Uber air taxi
Jeff Holden, Uber's chief product officer. Uber envisions a fleet of electric-powered 'flying taxis.' They would be piloted at first, but to achieve scale, urban air taxis will need to be autonomous.
After two deadly crashes of Boeing's 737 MAX believed to be linked to design flaws in a flight control system, policymakers and investigators are examining why the U.S. Federal Aviation Administration didn't spot the problems during the plane's certification. Some aerospace observers say it underlines a looming problem: that the agency may not be equipped to vet the safety of the much more complicated software that will enable the next generation of flight, including autonomous drones and pilotless urban air taxis.
"We need to have an oversight agency that has modernized in a way that allows them to engage deeply with these technical experts at the companies asking for certification," says Ella Atkins, an aerospace engineering professor at the University of Michigan whose research is focused on autonomous systems.
Boeing has halted deliveries of the 737 MAX after the March 10 crash of a model of the plane operated by Ethiopian Airlines, the second crash of a 737 MAX in five months. CEO Dennis Muilenburg has acknowledged that a new flight control feature on the new version of its bestselling plane called the maneuvering characteristics augmentation system (MCAS) contributed to the crashes, which killed 346 people. The Chicago-based jet maker will give its next briefing on its business during its quarterly earnings report Wednesday. Analysts are expecting a drop in adjusted profit.
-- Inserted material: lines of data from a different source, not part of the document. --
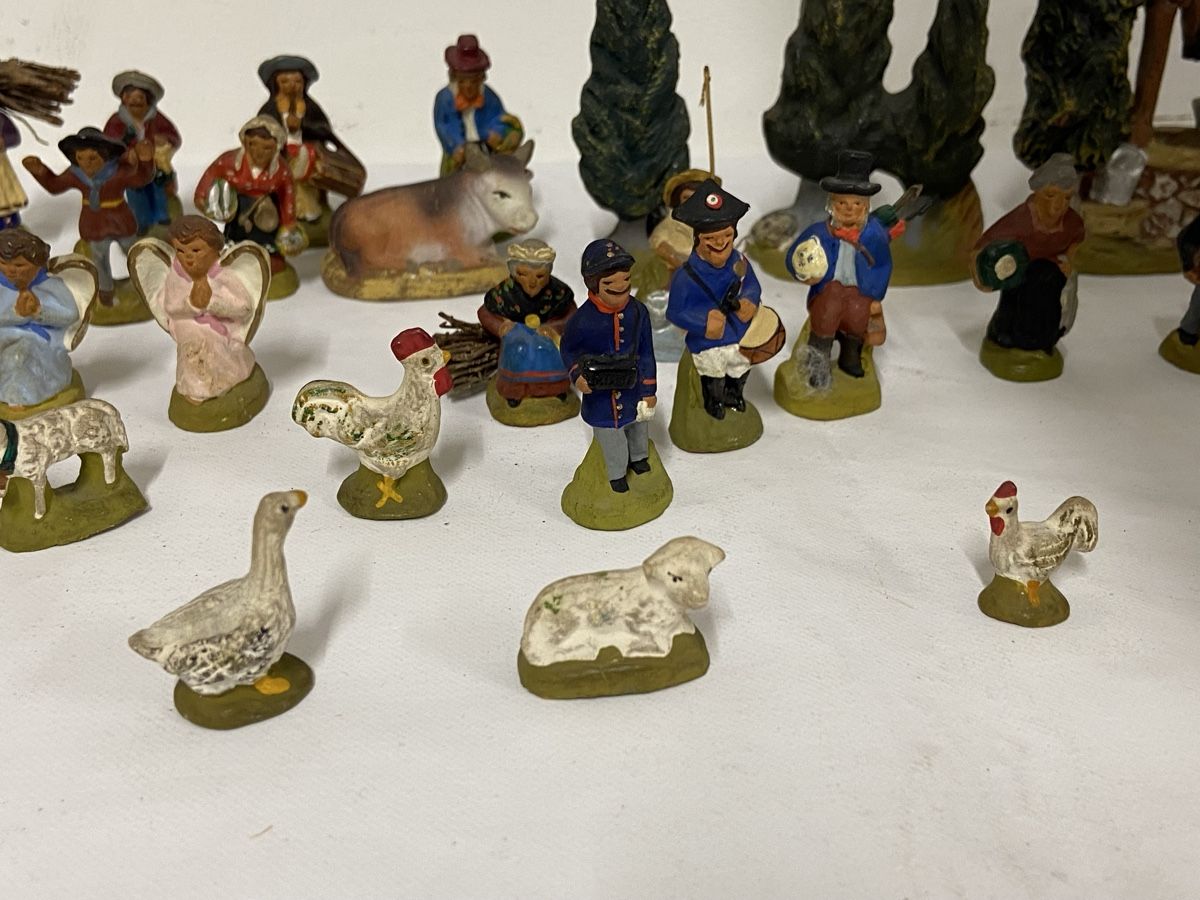 Figuren: Fouque Figuren – Gebraucht aus Dietikon von brocki-eyra 8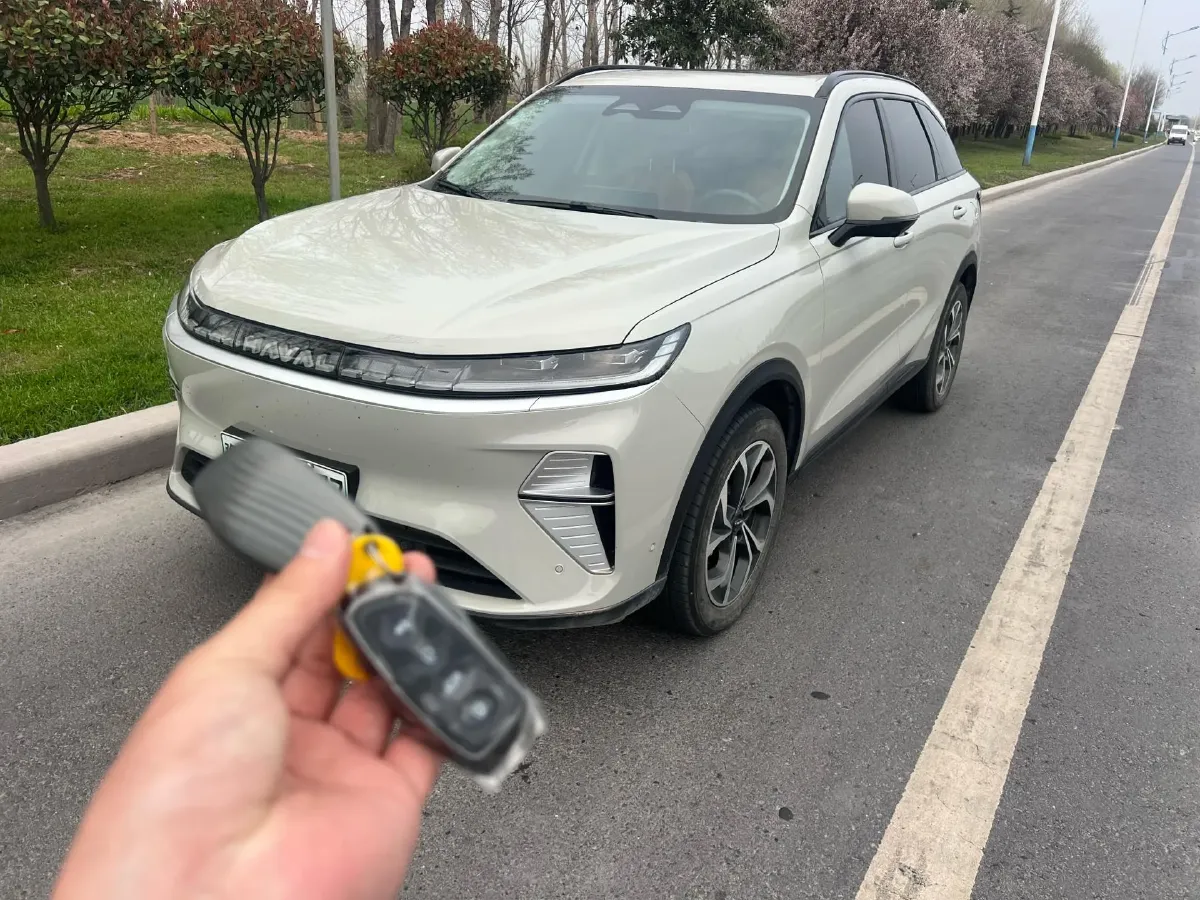 2025 Haval Fierce Dragon MAX 1.5L 116HP L4 2DHT PHEV,autocango,china used car exporter,china ev exporter,chinese used car exporter,chinese used ev exporter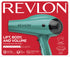 Revlon Volume Booster Hair Dryer, 1875W for Voluminous Lift and Body, Green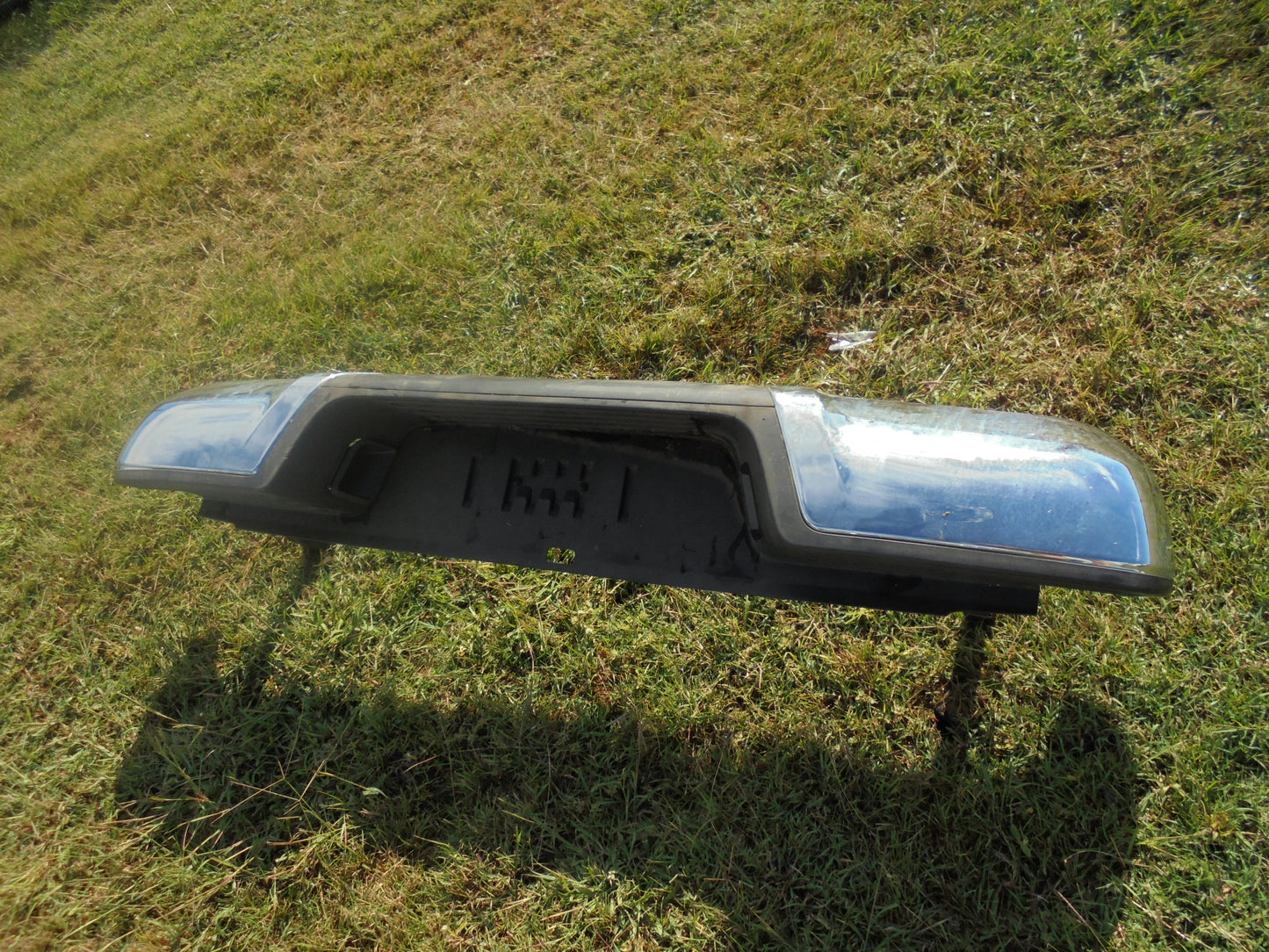 Ford PX Ranger Genuine rear step off new vehicles New Part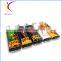 Hot selling customized paper plastic lighter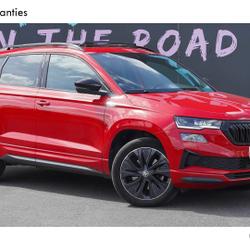 Skoda Karoq Karoq 1.5 TSI 150 ch ACT DSG7 Style Poissy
The FAA is also under scrutiny, both for lagging other countries' aviation regulators in grounding the 737 MAX after the Ethiopia crash, and for its certification of MCAS. Congress, an international panel of aviation authorities, the Department of Transportation's inspector general and federal prosecutors are all examining MCAS, which that was designed to automatically push the MAX's nose down during certain maneuvers to counter the plane's tendency to pitch upward due to the placement of its new larger engines. MCAS was classified as not critical to safety, allowing it to be triggered by a single, non-redundant sensor. The FAA and Boeing assumed that if MCAS malfunctioned, pilots would recognize it as a problem with the plane's automatic stabilizer trim system, which was on the previous version of the 737, and switch it off using previously established procedures.
But according to preliminary reports from the investigations into the Ethiopian crash and the prior accident, the loss of a Lion Air jet off Indonesia on Oct. 29, sensor failures in both cases improperly triggered MCAS, and the pilots were unable to counteract it, leading to fatal dives.
Despite the 737 MAX crashes, many observers say the current safety certification process for aircraft software has generally worked well. Safety critical programming rarely fails to operate as designed; rather what problems there have been have tended to stem from failures to foresee danger points in the design specifications, including the unexpected ways that pilots can interact with the system, as seems to be the case with MCAS.
"It's very hard to analyze mixed human-automation systems, in part because humans don't behave in a reliable way," says R. John Hansman, a professor of aeronautics at the Massachusetts Institute of Technology.
Software problems appear to have contributed to only a handful of air accidents (including one case involving an Airbus A330 that bears some similarities to the two Boeing 737 MAX crashes). Safety has been aided by the slow pace of change in aviation - new generations of airliners tend to be spaced out by 10 to 20 years - and plane makers' tendency to reduce costs by reusing already certified code rather than completely rewriting software.
Even the flight controls of Boeing's most advanced airliner, the 787, incorporates programming developed for much older planes, says Hansman.
With a limited budget and staff, the FAA has for decades relied on industry to shoulder most of the burden of certifying the safety of aircraft. As of 2013, more than 90% of the work was being done by deputized consultants and employees at the manufacturers it oversees, according to a report from the Government Accountability Office. With software, the certification process is focused on spelling out what the programming is needed to do and ensuring that the code matches up to those requirements. Designated representatives of the FAA will guide the development of a testing scheme by the developer and audit some of those tests, but FAA itself doesn't execute any of the code.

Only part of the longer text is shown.